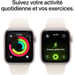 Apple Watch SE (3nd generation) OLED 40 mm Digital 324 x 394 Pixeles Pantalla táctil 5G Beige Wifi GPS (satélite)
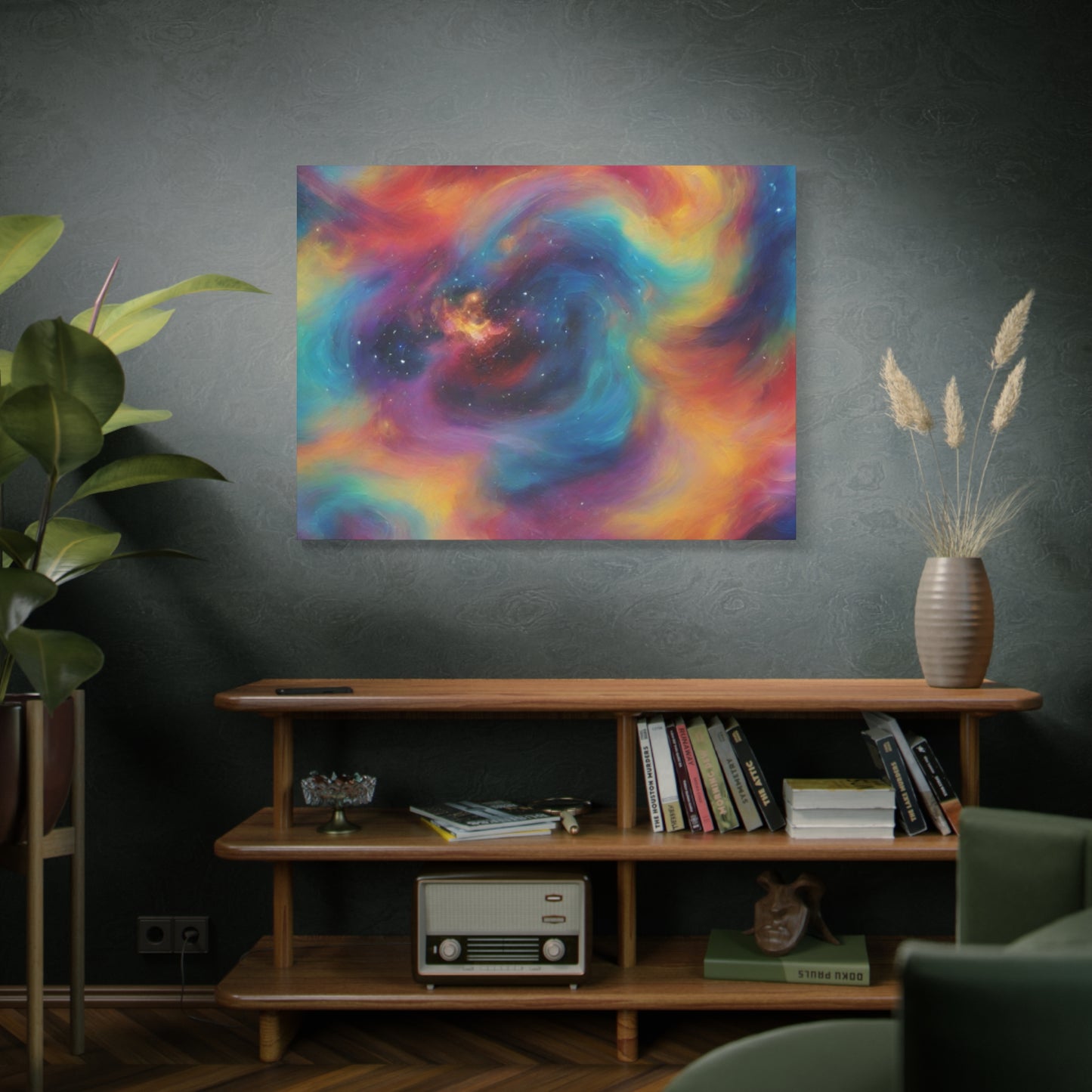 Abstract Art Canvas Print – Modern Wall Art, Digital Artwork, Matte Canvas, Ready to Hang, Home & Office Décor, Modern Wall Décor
- - -
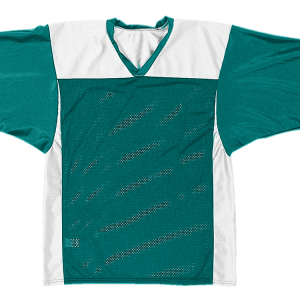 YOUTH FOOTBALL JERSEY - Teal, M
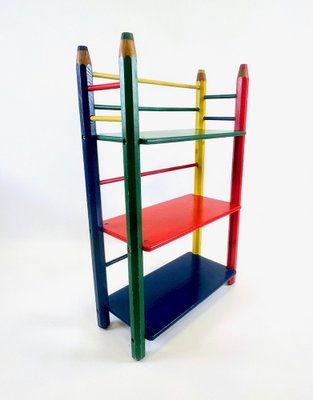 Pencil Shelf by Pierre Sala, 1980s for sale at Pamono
- - -
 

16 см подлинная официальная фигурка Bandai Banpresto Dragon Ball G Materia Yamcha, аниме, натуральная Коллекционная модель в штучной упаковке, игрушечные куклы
- - -
> _Task to carry out_
Within the material above, find the part that opens with the line containing "Apple Watch SE" and closes with the line containing "Abstract Art Canvas", and reproduce it exactly without the pictures.

> _Response box_
 Apple Watch SE (3nd generation) OLED 40 mm Digital 324 x 394 Pixeles Pantalla táctil 5G Beige Wifi GPS (satélite)
 Abstract Art Canvas Print – Modern Wall Art, Digital Artwork, Matte Canvas, Ready to Hang, Home & Office Décor, Modern Wall Décor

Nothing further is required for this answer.